In the first part of the book, general methods based on a tighter integration between the two phases are proposed and their applicability explored, and these may lead to significant improvements. The second part of the book focuses on how to manage the cost/quality trade-off of online stochastic anticipatory algorithms, taking advantage of some offline information.
All the methods proposed here provide multiple options to balance the quality/time trade-off in optimization problems that involve offline and online phases, and are suitable for a variety of practical application scenarios.

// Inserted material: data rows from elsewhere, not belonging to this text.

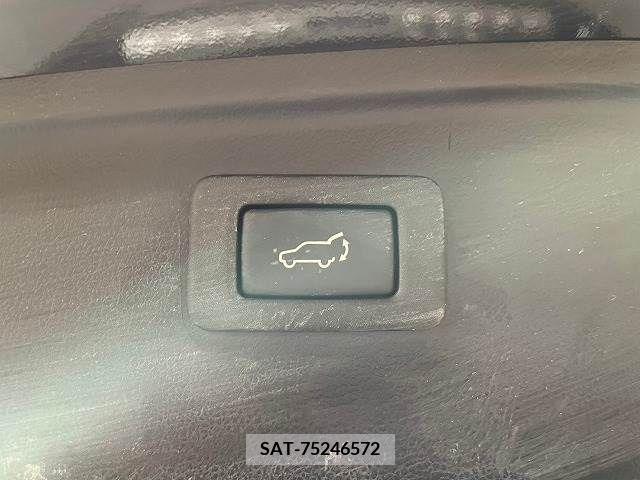 Subaru OUTBACK 2016-04 301148-11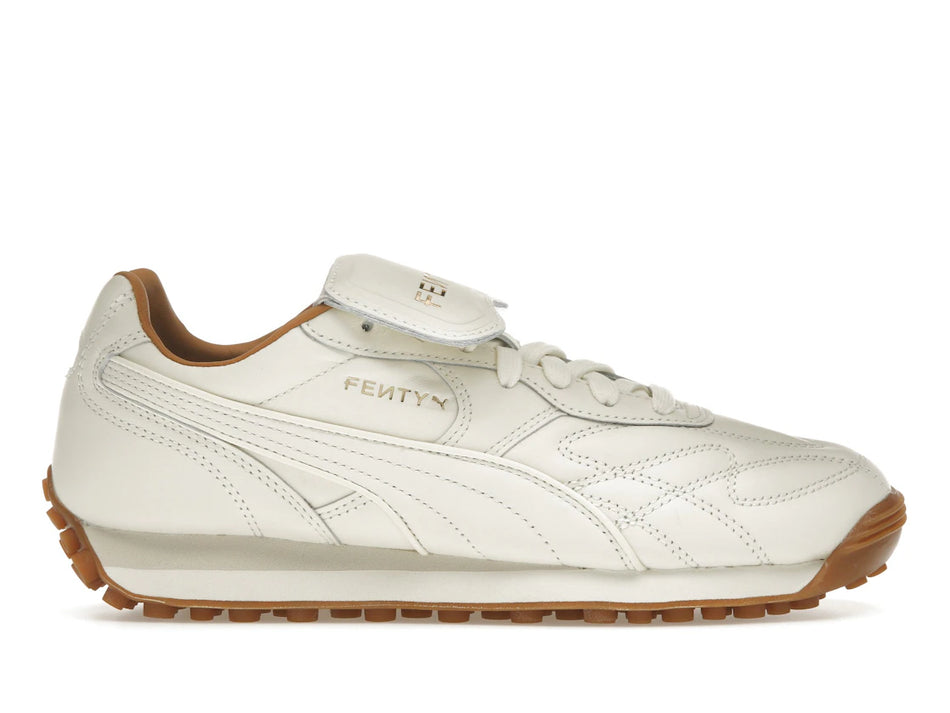 Puma Avanti VL Fenty Warm White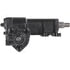 97-5200GB by A-1 CARDONE - Steering Gear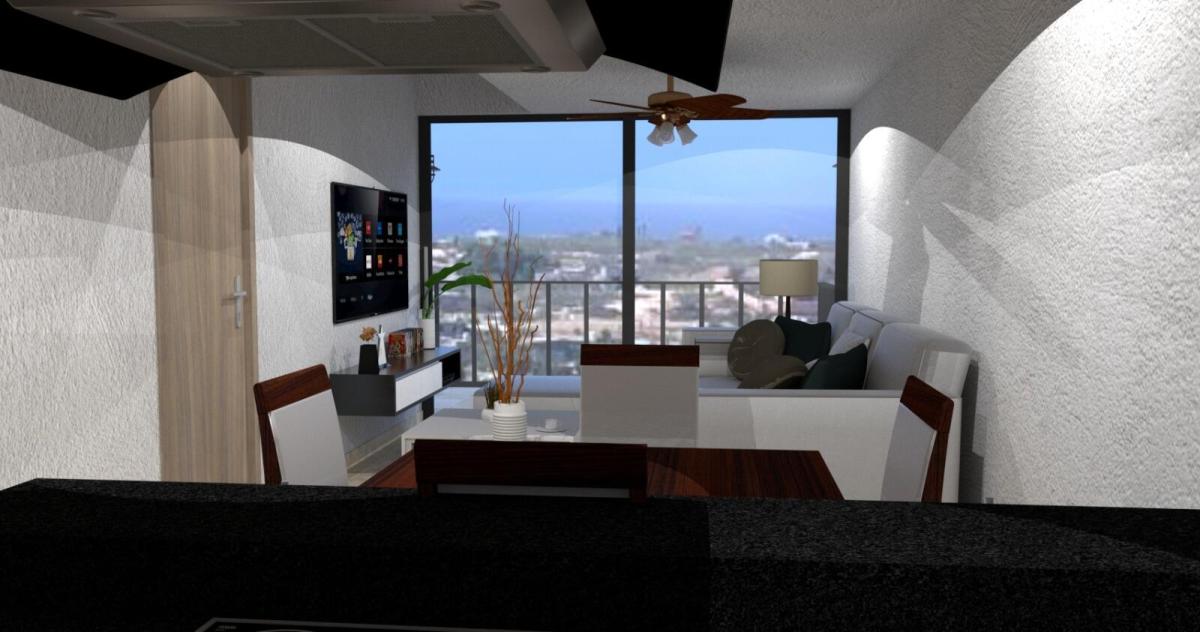 MLS #25-2543 image #0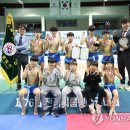 서울동원초등학교 이미지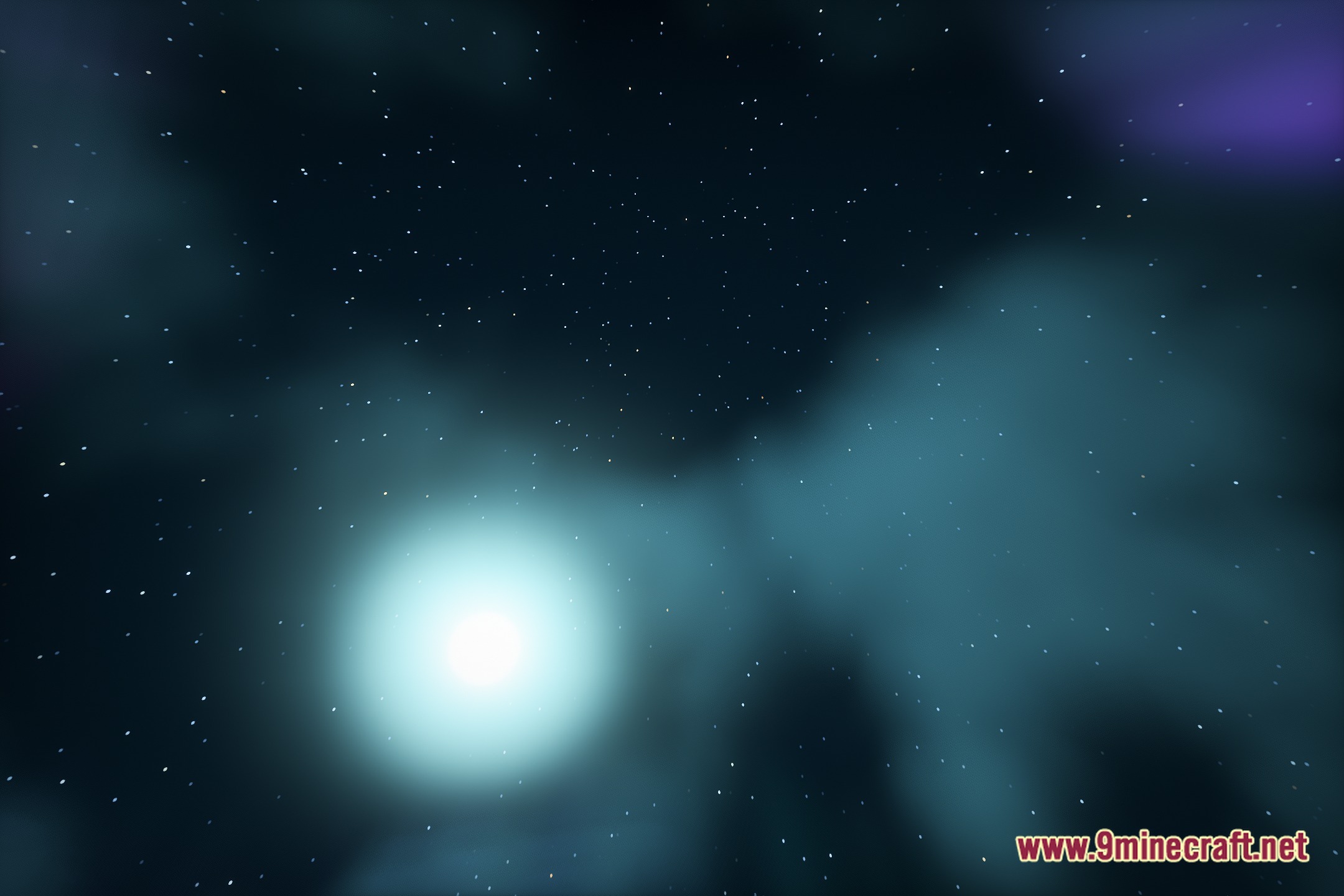 RtfShader Screenshot 7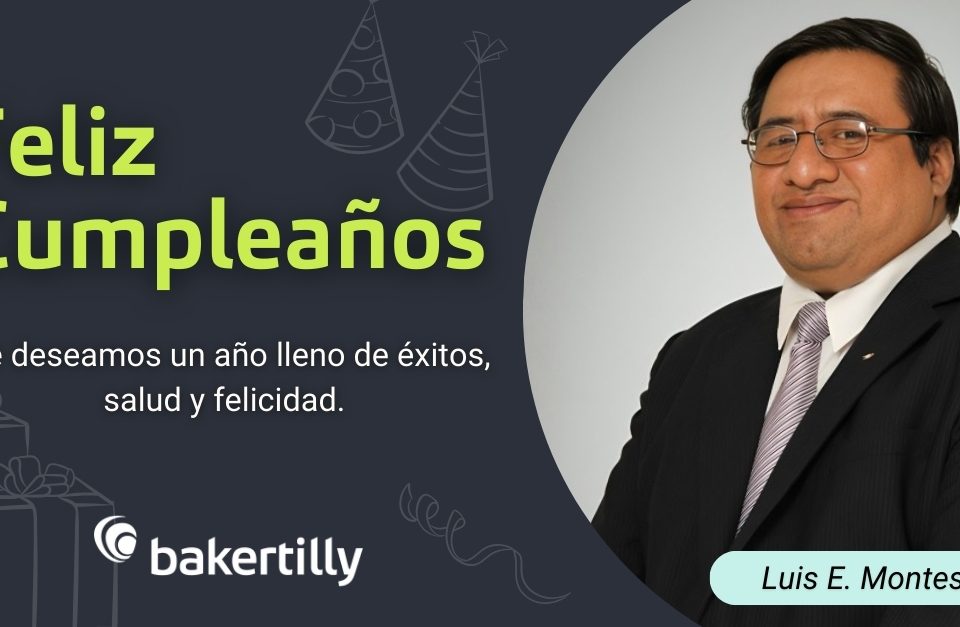 Cumpleanos portada 1200 x 627 px 16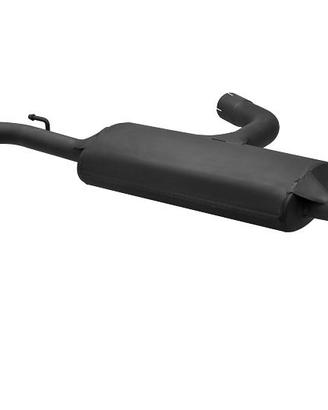 129-320-90RS per VW Golf VI 1.4/1.4TSI/2.0TDI 2008
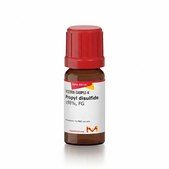 Propyl disulfide ≥98%, FG
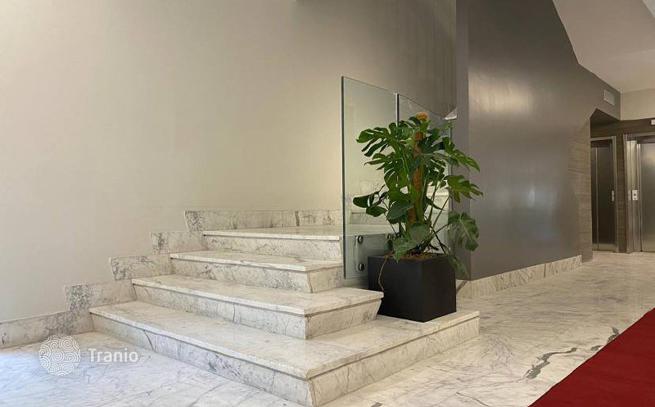 Studio near Basilica di Santa Maria Maggiore in Rome City Center, photo 2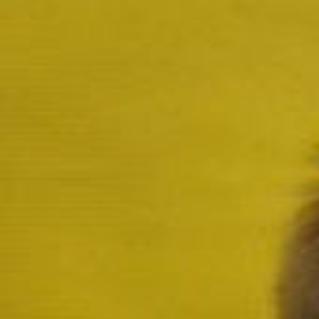 Get Missing 8 Year Old Boy Gif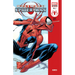 Ultimate Spider-Man Epic Collection: Hunted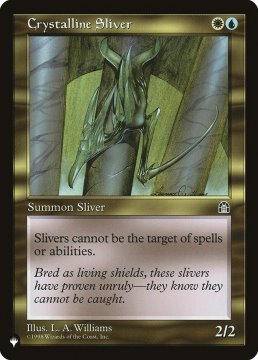 /prodotti/singles/magic/plist/crystalline-sliver_497825.jpg
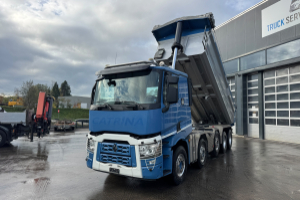 lastwagen_-_c520_10x4_18m3_mulde_-_renault_308955.jpg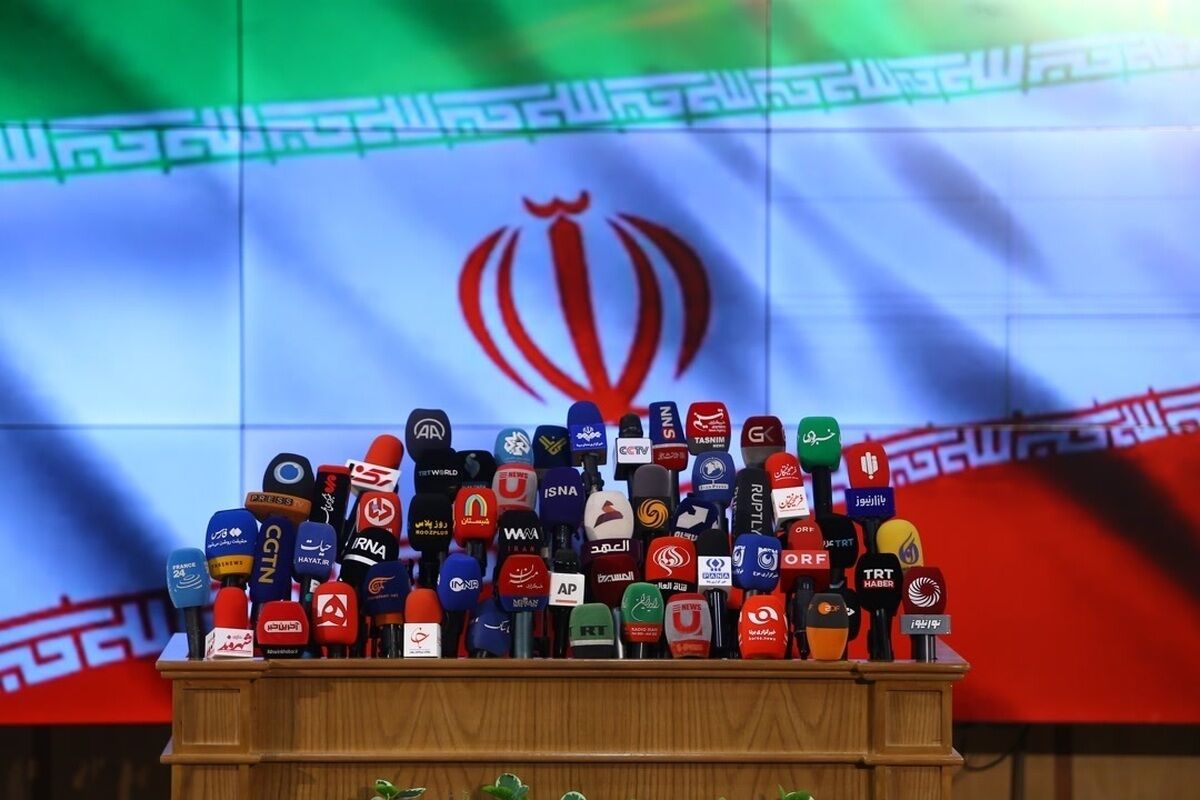 بررسی صلاحیت 80 داوطلب انتخابات ریاست جمهوری آغاز شد +ویدئو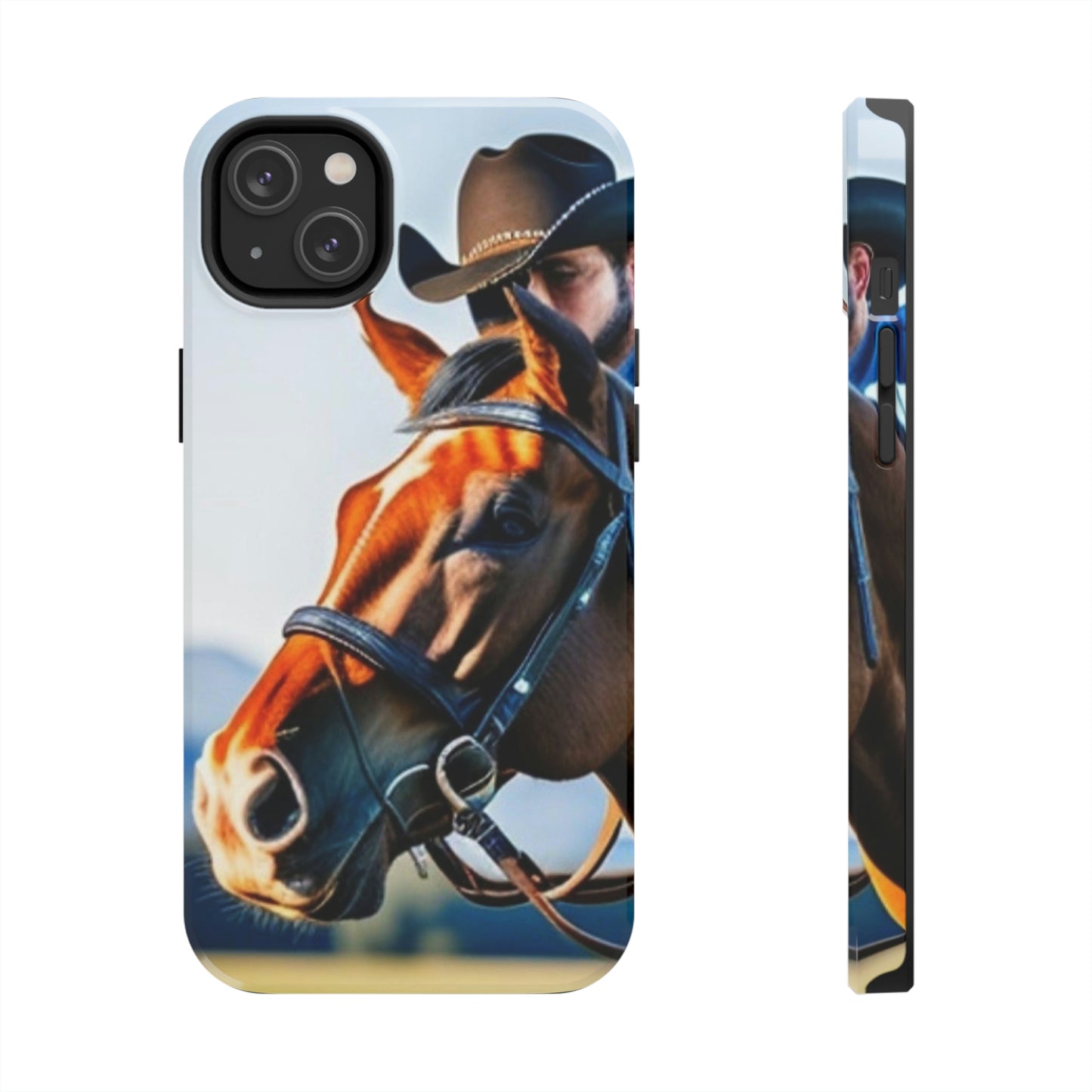 Tough Phone Cases, Case-Mate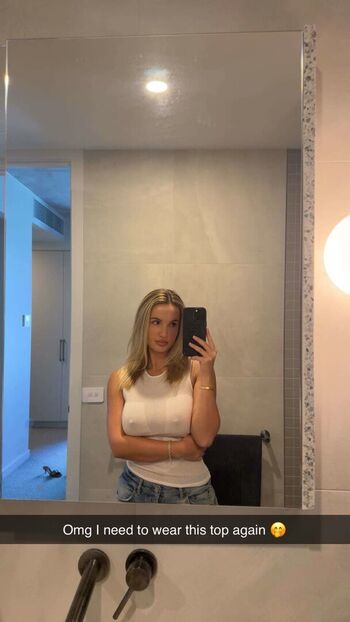 Victoria Campbell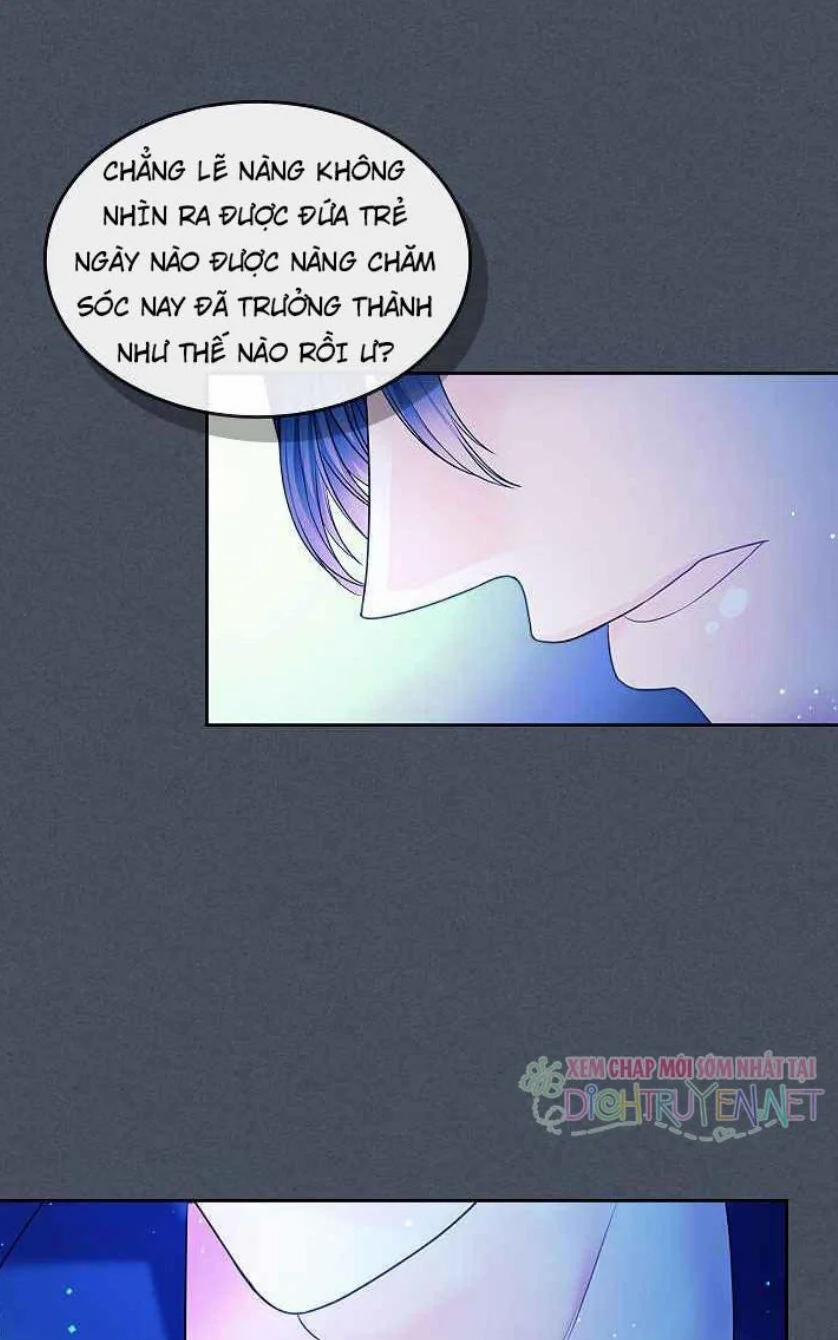 Tôi Trở Thành Hầu Gái Của Một Công Tước 57 trang 61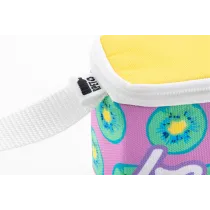 personalizowana torba chłodząca CreaSnack Panino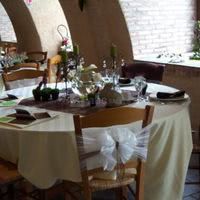 Domaine de la Courbe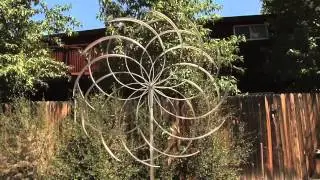 Mark White Fine Art - Wind Ripples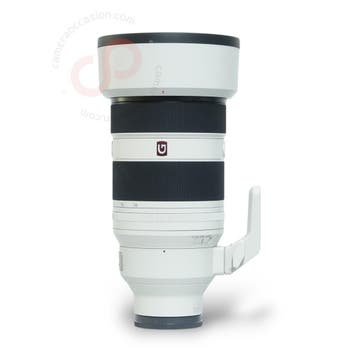 Sony FE 50-150 mm F2 GM nr. 3472, TV, Hi-fi & Vidéo, Ophalen of Verzenden, Telelens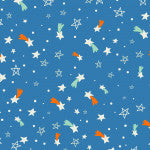 Clothworks - Blast Off!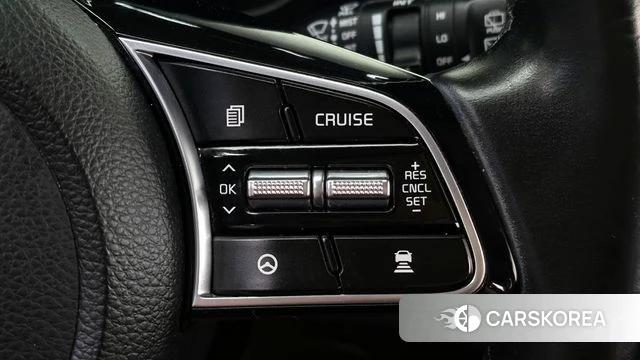 Kia Seltos 2020 Белый из Кореи, фото 5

This work considers multi-stage optimization problems under uncertainty. In this context, at each stage some uncertainty is revealed and some decision must be made: the need to account for multiple future developments makes stochastic optimization incredibly challenging. Due to such a complexity, the most popular approaches depend on the temporal granularity of the decisions to be made. These approaches are, in general, sampling-based methods and heuristics. Long-term strategic decisions (which are often very impactful) are typically solved via expensive, but more accurate, sampling-based approaches. Short-term operational decisions often need to be made over multiple steps, within a short time frame: they are commonly addressed via polynomial-time heuristics, while more advanced sampling-based methods are applicable only if their computational cost is carefully managed. We will refer to the first class of problems (and solution approaches) as offline and to the second as online. These phases are typically solved in isolation, despite being strongly interconnected. Starting from the idea of providing multiple options to balance the solution quality/time trade-off in optimization problem featuring offline and online phases, we propose different methods that have broad applicability. These methods have been firstly motivated by applications in real-world energy problems that involve distinct offline and online phases: for example, in Distributed Energy Management Systems we may need to define (offline) a daily production schedule for an industrial plant, and then manage (online) its power supply on a hour by hour basis. Then we show that our methods can be applied to a variety of practical application scenarios in very different domains with both discrete and numeric decision variables.
In the first part of this work, we propose general methods based on a tighter integration between the two phases and we show that their applicability can lead to substantial improvements. Our methods are applicable under two (fairly general) conditions: 1) the uncertainty is exogenous; 2) it is possible to define a greedy heuristic for the online phase that can be modeled as a parametric convex optimization problem. We start with a baseline composed by a two-stage offline approach paired with an online greedy heuristic. We then propose multiple methods to tighten the offline/online integration, leading to significant quality improvements, at the cost of an increased computation effort either in the offline or the online phase.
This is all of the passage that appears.